→ **Provided records**
------------------------
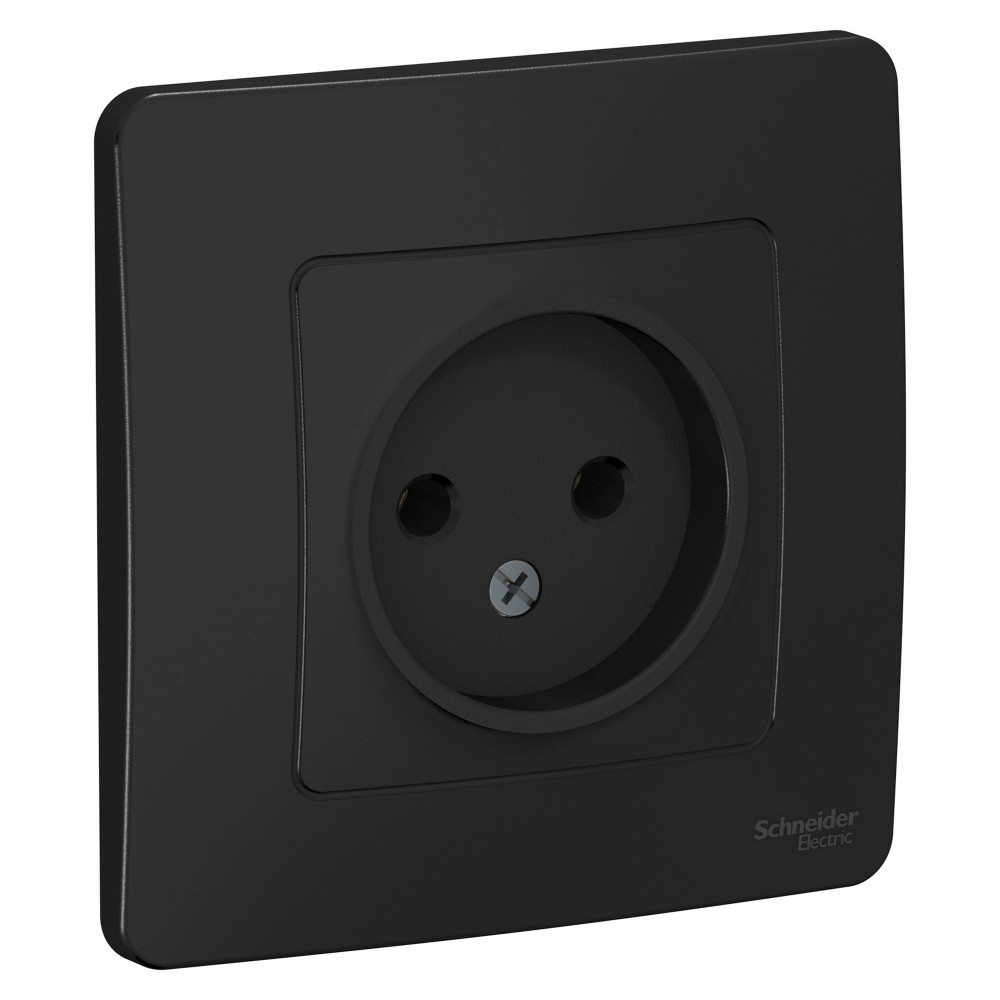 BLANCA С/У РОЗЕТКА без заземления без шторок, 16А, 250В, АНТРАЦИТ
------------------------
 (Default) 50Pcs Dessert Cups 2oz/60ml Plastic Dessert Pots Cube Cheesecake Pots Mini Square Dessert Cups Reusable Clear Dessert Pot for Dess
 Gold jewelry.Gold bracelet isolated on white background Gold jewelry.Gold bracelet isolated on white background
------------------------
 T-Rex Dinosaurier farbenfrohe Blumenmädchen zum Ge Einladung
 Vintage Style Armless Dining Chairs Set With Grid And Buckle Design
------------------------
→ **Activity**
Begin at the line above that has "T-Rex Dinosaurier farbenfrohe" and stop after the line that has "Vintage Style Armless", copying each line exactly and adding nothing else.

→ **Task solution**
 T-Rex Dinosaurier farbenfrohe Blumenmädchen zum Ge Einladung
 Vintage Style Armless Dining Chairs Set With Grid And Buckle Design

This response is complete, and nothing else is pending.